### Exercise objective:
Please print each record that follows precisely as it appears.

### Exercise materials:
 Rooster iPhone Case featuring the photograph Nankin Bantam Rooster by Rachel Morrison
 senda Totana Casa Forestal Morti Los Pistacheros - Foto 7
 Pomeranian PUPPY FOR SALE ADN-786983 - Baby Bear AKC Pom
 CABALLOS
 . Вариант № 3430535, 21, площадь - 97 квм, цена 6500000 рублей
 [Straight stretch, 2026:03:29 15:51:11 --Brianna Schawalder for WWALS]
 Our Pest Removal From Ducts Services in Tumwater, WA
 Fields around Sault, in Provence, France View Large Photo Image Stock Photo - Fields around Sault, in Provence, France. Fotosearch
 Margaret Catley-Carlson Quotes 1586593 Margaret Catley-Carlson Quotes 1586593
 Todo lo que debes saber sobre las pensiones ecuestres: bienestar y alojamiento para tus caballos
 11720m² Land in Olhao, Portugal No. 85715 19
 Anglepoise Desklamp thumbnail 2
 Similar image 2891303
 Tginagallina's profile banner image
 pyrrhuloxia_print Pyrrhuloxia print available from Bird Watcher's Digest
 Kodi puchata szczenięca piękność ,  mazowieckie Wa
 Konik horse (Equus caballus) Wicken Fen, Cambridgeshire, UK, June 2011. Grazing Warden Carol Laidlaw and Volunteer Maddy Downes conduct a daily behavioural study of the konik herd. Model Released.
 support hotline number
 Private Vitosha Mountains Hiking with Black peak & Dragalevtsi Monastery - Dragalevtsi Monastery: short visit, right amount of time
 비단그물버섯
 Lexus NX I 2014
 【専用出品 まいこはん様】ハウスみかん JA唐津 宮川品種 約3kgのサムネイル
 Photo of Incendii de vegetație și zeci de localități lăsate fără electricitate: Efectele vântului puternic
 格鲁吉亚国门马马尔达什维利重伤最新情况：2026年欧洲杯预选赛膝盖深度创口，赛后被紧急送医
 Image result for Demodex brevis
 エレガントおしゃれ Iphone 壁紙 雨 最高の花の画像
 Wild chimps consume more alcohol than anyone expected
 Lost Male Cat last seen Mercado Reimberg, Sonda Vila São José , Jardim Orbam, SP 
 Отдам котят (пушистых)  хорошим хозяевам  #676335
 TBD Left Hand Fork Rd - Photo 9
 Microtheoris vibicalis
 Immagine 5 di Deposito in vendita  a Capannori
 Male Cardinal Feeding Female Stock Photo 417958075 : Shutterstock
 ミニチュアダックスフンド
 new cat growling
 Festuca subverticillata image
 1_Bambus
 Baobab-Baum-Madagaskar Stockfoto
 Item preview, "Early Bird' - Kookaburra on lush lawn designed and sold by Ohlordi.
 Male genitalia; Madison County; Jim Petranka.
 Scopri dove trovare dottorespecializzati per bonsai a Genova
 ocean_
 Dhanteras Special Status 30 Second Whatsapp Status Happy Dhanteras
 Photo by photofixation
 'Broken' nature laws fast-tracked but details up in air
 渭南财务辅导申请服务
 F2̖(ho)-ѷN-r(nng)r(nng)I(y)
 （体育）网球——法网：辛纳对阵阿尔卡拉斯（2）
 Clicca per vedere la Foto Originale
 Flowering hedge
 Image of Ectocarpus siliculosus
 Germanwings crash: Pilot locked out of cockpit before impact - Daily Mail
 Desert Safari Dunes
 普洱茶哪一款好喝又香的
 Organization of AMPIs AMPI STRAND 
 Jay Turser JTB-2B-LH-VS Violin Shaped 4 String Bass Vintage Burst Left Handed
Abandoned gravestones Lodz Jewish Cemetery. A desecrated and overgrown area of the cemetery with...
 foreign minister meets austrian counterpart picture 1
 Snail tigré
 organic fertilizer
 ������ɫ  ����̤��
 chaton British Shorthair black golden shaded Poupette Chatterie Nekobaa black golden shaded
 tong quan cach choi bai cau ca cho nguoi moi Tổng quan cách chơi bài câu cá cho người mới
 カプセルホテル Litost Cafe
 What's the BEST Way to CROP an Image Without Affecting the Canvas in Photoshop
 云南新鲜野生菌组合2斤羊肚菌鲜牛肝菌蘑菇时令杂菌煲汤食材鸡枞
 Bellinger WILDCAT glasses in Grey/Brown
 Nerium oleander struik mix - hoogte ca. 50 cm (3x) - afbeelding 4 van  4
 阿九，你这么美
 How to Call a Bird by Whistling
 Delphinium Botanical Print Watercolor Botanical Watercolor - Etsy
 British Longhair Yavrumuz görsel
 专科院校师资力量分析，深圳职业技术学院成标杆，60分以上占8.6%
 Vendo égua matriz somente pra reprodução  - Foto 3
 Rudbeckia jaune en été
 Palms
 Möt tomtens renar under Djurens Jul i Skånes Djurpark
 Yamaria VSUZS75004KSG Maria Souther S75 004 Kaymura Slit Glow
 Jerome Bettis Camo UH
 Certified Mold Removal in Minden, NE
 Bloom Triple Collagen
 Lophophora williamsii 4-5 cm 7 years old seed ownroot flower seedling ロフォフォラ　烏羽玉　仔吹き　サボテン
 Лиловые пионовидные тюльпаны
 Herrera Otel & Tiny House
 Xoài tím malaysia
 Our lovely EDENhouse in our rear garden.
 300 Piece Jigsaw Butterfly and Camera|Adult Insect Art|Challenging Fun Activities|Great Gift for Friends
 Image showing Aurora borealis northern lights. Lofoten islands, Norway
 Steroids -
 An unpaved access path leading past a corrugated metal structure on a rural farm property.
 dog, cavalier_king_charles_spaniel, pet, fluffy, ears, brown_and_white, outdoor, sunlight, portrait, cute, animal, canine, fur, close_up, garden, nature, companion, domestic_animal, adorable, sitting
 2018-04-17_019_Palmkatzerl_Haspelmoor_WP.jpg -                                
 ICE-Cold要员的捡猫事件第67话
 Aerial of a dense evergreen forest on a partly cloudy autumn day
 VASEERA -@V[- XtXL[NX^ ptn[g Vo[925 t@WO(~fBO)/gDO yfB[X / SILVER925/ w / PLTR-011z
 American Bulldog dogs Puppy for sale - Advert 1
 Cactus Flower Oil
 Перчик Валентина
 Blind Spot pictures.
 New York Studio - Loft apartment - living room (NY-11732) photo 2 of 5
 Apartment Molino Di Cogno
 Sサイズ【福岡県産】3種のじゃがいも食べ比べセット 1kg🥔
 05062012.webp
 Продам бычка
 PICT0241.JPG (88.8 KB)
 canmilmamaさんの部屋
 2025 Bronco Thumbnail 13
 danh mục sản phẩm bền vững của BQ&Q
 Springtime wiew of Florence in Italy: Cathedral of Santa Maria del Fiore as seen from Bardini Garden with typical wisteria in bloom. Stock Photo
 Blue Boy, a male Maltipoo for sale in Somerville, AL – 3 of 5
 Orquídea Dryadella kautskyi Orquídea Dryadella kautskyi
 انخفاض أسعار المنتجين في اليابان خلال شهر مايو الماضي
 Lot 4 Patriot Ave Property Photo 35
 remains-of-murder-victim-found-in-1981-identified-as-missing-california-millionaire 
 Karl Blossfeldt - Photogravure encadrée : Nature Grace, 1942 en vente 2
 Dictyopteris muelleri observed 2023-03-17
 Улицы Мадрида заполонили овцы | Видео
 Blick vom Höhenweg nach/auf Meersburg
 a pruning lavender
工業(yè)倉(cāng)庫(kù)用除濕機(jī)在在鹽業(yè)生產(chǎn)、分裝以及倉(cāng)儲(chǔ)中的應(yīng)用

### Problem solution:
 Rooster iPhone Case featuring the photograph Nankin Bantam Rooster by Rachel Morrison
 senda Totana Casa Forestal Morti Los Pistacheros - Foto 7
 Pomeranian PUPPY FOR SALE ADN-786983 - Baby Bear AKC Pom
 CABALLOS
 . Вариант № 3430535, 21, площадь - 97 квм, цена 6500000 рублей
 [Straight stretch, 2026:03:29 15:51:11 --Brianna Schawalder for WWALS]
 Our Pest Removal From Ducts Services in Tumwater, WA
 Fields around Sault, in Provence, France View Large Photo Image Stock Photo - Fields around Sault, in Provence, France. Fotosearch
 Margaret Catley-Carlson Quotes 1586593 Margaret Catley-Carlson Quotes 1586593
 Todo lo que debes saber sobre las pensiones ecuestres: bienestar y alojamiento para tus caballos
 11720m² Land in Olhao, Portugal No. 85715 19
 Anglepoise Desklamp thumbnail 2
 Similar image 2891303
 Tginagallina's profile banner image
 pyrrhuloxia_print Pyrrhuloxia print available from Bird Watcher's Digest
 Kodi puchata szczenięca piękność ,  mazowieckie Wa
 Konik horse (Equus caballus) Wicken Fen, Cambridgeshire, UK, June 2011. Grazing Warden Carol Laidlaw and Volunteer Maddy Downes conduct a daily behavioural study of the konik herd. Model Released.
 support hotline number
 Private Vitosha Mountains Hiking with Black peak & Dragalevtsi Monastery - Dragalevtsi Monastery: short visit, right amount of time
 비단그물버섯
 Lexus NX I 2014
 【専用出品 まいこはん様】ハウスみかん JA唐津 宮川品種 約3kgのサムネイル
 Photo of Incendii de vegetație și zeci de localități lăsate fără electricitate: Efectele vântului puternic
 格鲁吉亚国门马马尔达什维利重伤最新情况：2026年欧洲杯预选赛膝盖深度创口，赛后被紧急送医
 Image result for Demodex brevis
 エレガントおしゃれ Iphone 壁紙 雨 最高の花の画像
 Wild chimps consume more alcohol than anyone expected
 Lost Male Cat last seen Mercado Reimberg, Sonda Vila São José , Jardim Orbam, SP 
 Отдам котят (пушистых)  хорошим хозяевам  #676335
 TBD Left Hand Fork Rd - Photo 9
 Microtheoris vibicalis
 Immagine 5 di Deposito in vendita  a Capannori
 Male Cardinal Feeding Female Stock Photo 417958075 : Shutterstock
 ミニチュアダックスフンド
 new cat growling
 Festuca subverticillata image
 1_Bambus
 Baobab-Baum-Madagaskar Stockfoto
 Item preview, "Early Bird' - Kookaburra on lush lawn designed and sold by Ohlordi.
 Male genitalia; Madison County; Jim Petranka.
 Scopri dove trovare dottorespecializzati per bonsai a Genova
 ocean_
 Dhanteras Special Status 30 Second Whatsapp Status Happy Dhanteras
 Photo by photofixation
 'Broken' nature laws fast-tracked but details up in air
 渭南财务辅导申请服务
 F2̖(ho)-ѷN-r(nng)r(nng)I(y)
 （体育）网球——法网：辛纳对阵阿尔卡拉斯（2）
 Clicca per vedere la Foto Originale
 Flowering hedge
 Image of Ectocarpus siliculosus
 Germanwings crash: Pilot locked out of cockpit before impact - Daily Mail
 Desert Safari Dunes
 普洱茶哪一款好喝又香的
 Organization of AMPIs AMPI STRAND 
 Jay Turser JTB-2B-LH-VS Violin Shaped 4 String Bass Vintage Burst Left Handed
Abandoned gravestones Lodz Jewish Cemetery. A desecrated and overgrown area of the cemetery with...
 foreign minister meets austrian counterpart picture 1
 Snail tigré
 organic fertilizer
 ������ɫ  ����̤��
 chaton British Shorthair black golden shaded Poupette Chatterie Nekobaa black golden shaded
 tong quan cach choi bai cau ca cho nguoi moi Tổng quan cách chơi bài câu cá cho người mới
 カプセルホテル Litost Cafe
 What's the BEST Way to CROP an Image Without Affecting the Canvas in Photoshop
 云南新鲜野生菌组合2斤羊肚菌鲜牛肝菌蘑菇时令杂菌煲汤食材鸡枞
 Bellinger WILDCAT glasses in Grey/Brown
 Nerium oleander struik mix - hoogte ca. 50 cm (3x) - afbeelding 4 van  4
 阿九，你这么美
 How to Call a Bird by Whistling
 Delphinium Botanical Print Watercolor Botanical Watercolor - Etsy
 British Longhair Yavrumuz görsel
 专科院校师资力量分析，深圳职业技术学院成标杆，60分以上占8.6%
 Vendo égua matriz somente pra reprodução  - Foto 3
 Rudbeckia jaune en été
 Palms
 Möt tomtens renar under Djurens Jul i Skånes Djurpark
 Yamaria VSUZS75004KSG Maria Souther S75 004 Kaymura Slit Glow
 Jerome Bettis Camo UH
 Certified Mold Removal in Minden, NE
 Bloom Triple Collagen
 Lophophora williamsii 4-5 cm 7 years old seed ownroot flower seedling ロフォフォラ　烏羽玉　仔吹き　サボテン
 Лиловые пионовидные тюльпаны
 Herrera Otel & Tiny House
 Xoài tím malaysia
 Our lovely EDENhouse in our rear garden.
 300 Piece Jigsaw Butterfly and Camera|Adult Insect Art|Challenging Fun Activities|Great Gift for Friends
 Image showing Aurora borealis northern lights. Lofoten islands, Norway
 Steroids -
 An unpaved access path leading past a corrugated metal structure on a rural farm property.
 dog, cavalier_king_charles_spaniel, pet, fluffy, ears, brown_and_white, outdoor, sunlight, portrait, cute, animal, canine, fur, close_up, garden, nature, companion, domestic_animal, adorable, sitting
 2018-04-17_019_Palmkatzerl_Haspelmoor_WP.jpg -                                
 ICE-Cold要员的捡猫事件第67话
 Aerial of a dense evergreen forest on a partly cloudy autumn day
 VASEERA -@V[- XtXL[NX^ ptn[g Vo[925 t@WO(~fBO)/gDO yfB[X / SILVER925/ w / PLTR-011z
 American Bulldog dogs Puppy for sale - Advert 1
 Cactus Flower Oil
 Перчик Валентина
 Blind Spot pictures.
 New York Studio - Loft apartment - living room (NY-11732) photo 2 of 5
 Apartment Molino Di Cogno
 Sサイズ【福岡県産】3種のじゃがいも食べ比べセット 1kg🥔
 05062012.webp
 Продам бычка
 PICT0241.JPG (88.8 KB)
 canmilmamaさんの部屋
 2025 Bronco Thumbnail 13
 danh mục sản phẩm bền vững của BQ&Q
 Springtime wiew of Florence in Italy: Cathedral of Santa Maria del Fiore as seen from Bardini Garden with typical wisteria in bloom. Stock Photo
 Blue Boy, a male Maltipoo for sale in Somerville, AL – 3 of 5
 Orquídea Dryadella kautskyi Orquídea Dryadella kautskyi
 انخفاض أسعار المنتجين في اليابان خلال شهر مايو الماضي
 Lot 4 Patriot Ave Property Photo 35
 remains-of-murder-victim-found-in-1981-identified-as-missing-california-millionaire 
 Karl Blossfeldt - Photogravure encadrée : Nature Grace, 1942 en vente 2
 Dictyopteris muelleri observed 2023-03-17
 Улицы Мадрида заполонили овцы | Видео
 Blick vom Höhenweg nach/auf Meersburg
 a pruning lavender
工業(yè)倉(cāng)庫(kù)用除濕機(jī)在在鹽業(yè)生產(chǎn)、分裝以及倉(cāng)儲(chǔ)中的應(yīng)用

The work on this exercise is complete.